Designer menswear brands don't make for popular acquisition targets — especially for teen retailers — and so it was with much surprise that American Eagle announced Tuesday that it had acquired Todd Snyder's five-year-old designer menswear label in a deal worth $11 million in cash and stock.
But it was Snyder's lesser-known business — Tailgate, a sports-inspired apparel brand with a vintage, collegiate feel that he launched with his family in 1997 — that appears to be American Eagle's real target in the acquisition. Tailgate is sold both online and adjacent to the University of Iowa campus in Iowa City, offering a selection of campus-branded merchandise, like graphic-printed tees and sweatshirts, that's a little more stylish than what you'd find at a typical campus bookstore. American Eagle jeans and other apparel will soon be integrated into the retail offering, Snyder says.

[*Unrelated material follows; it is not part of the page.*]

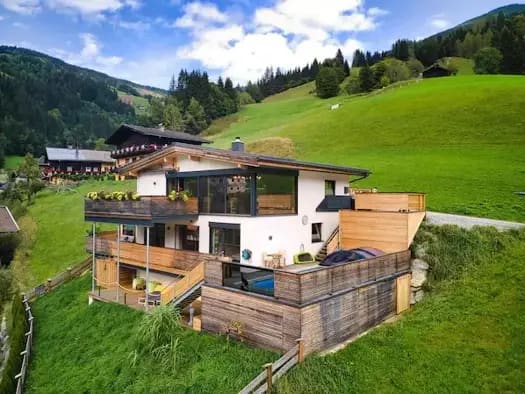 Immobilie in Viehhofen - Haus zum Kauf - Viehhofen - 1.495.000 € - 5 Zimmer, 161 m², 577 m² Grundstück - Bild 1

Between the rise of fast-fashion brands, the declining purchasing power of American teenagers and the ongoing decline in US mall traffic, American Eagle has had a tough couple of years, though it's enjoyed a sales turnaround in recent quarters. Tailgate could allow the Pittsburgh-based company to expand its retail footprint into more college campuses, taking a slice of the market currently occupied by the aforementioned campus bookstores. The retailer plans to open two to three Tailgate stores next year, eventually increasing that number to more than 200, a spokesperson said. A standalone Todd Snyder store in New York is also in the works.

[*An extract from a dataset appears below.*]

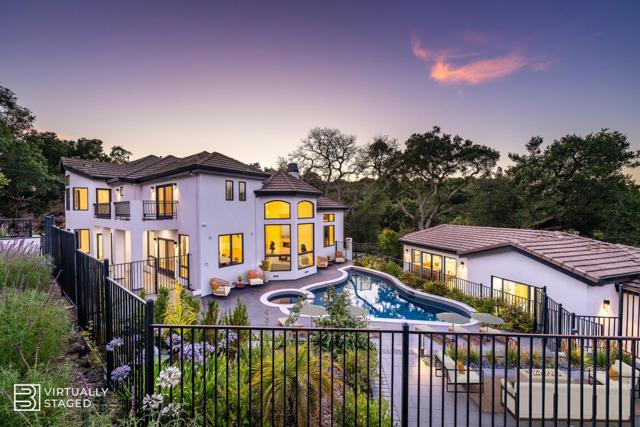 333 Raymundo Drive, Woodside CA: https://media.crmls.org/mediaz/75b9c890-92af-457e-846c-1076a66ca09f.jpg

As part of the deal, Snyder, who once served as senior vice president of menswear at J.Crew and director of menswear at Gap, will be joining American Eagle as executive vice president, reporting to Chad Kessler, global brand president of American Eagle. Jimmy Olson, who has served as president and CEO of Todd Snyder and Tailgate for the past four and a half years, is also joining the company as vice president, where he will continue to lead the day-to-day operations of both brands.

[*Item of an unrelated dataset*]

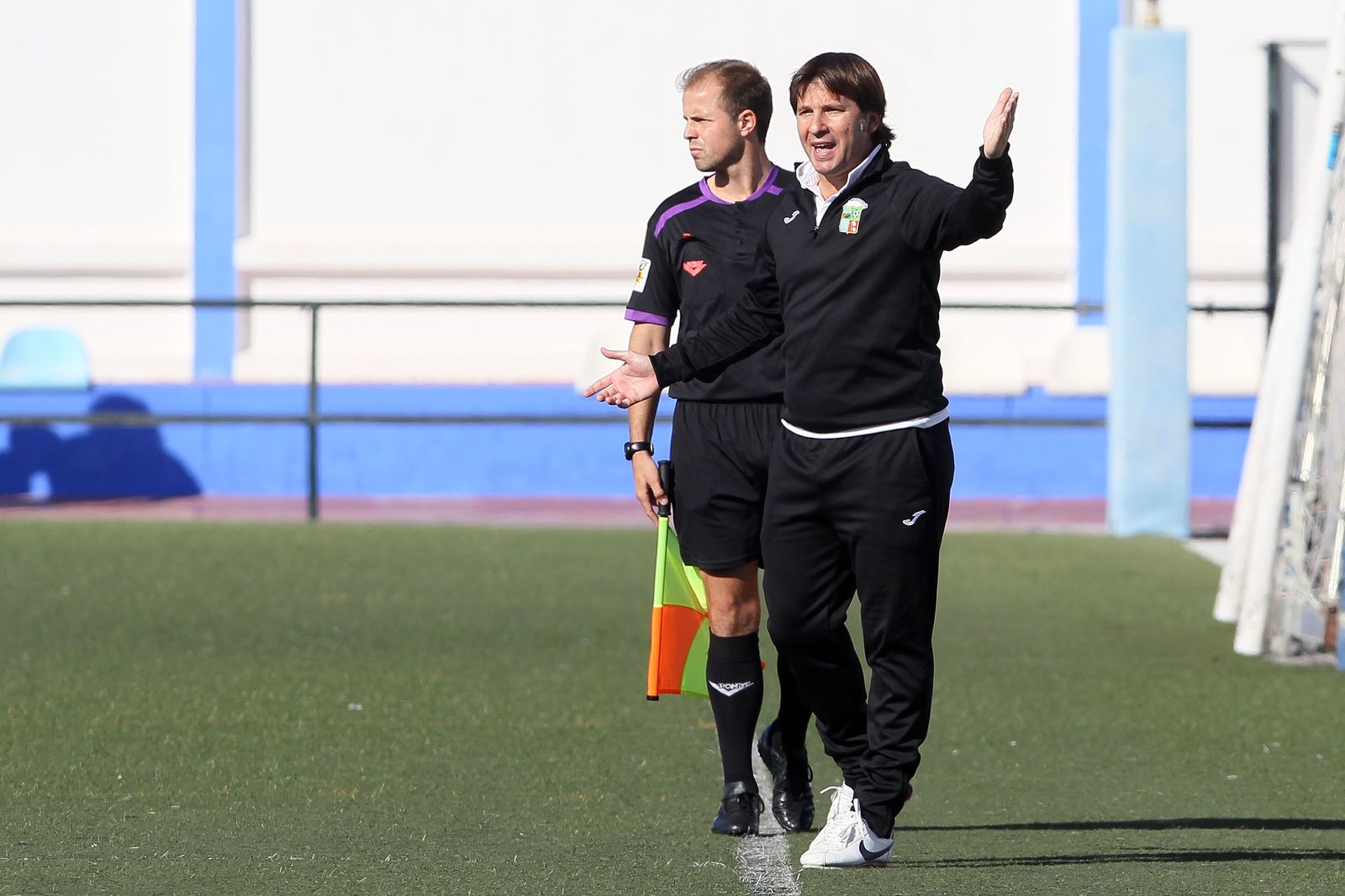 Jesús Mendoza reclama en la banda del Fernández Marchán.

In conjunction with the acquisition announcement, American Eagle announced that comparable sales are up 9 percent so far in the third quarter, and raised its earnings-per-share estimate from $0.28-$0.31 per share to $0.34 per share. Jay Schottenstein, interim CEO of American Eagle, attributed the better-than-expected growth to product enhancements at its American Eagle and Aerie brands, as well as greater sell-throughs at full price. Investors, however, were unmoved, with shares of American Eagle trading flat Tuesday morning.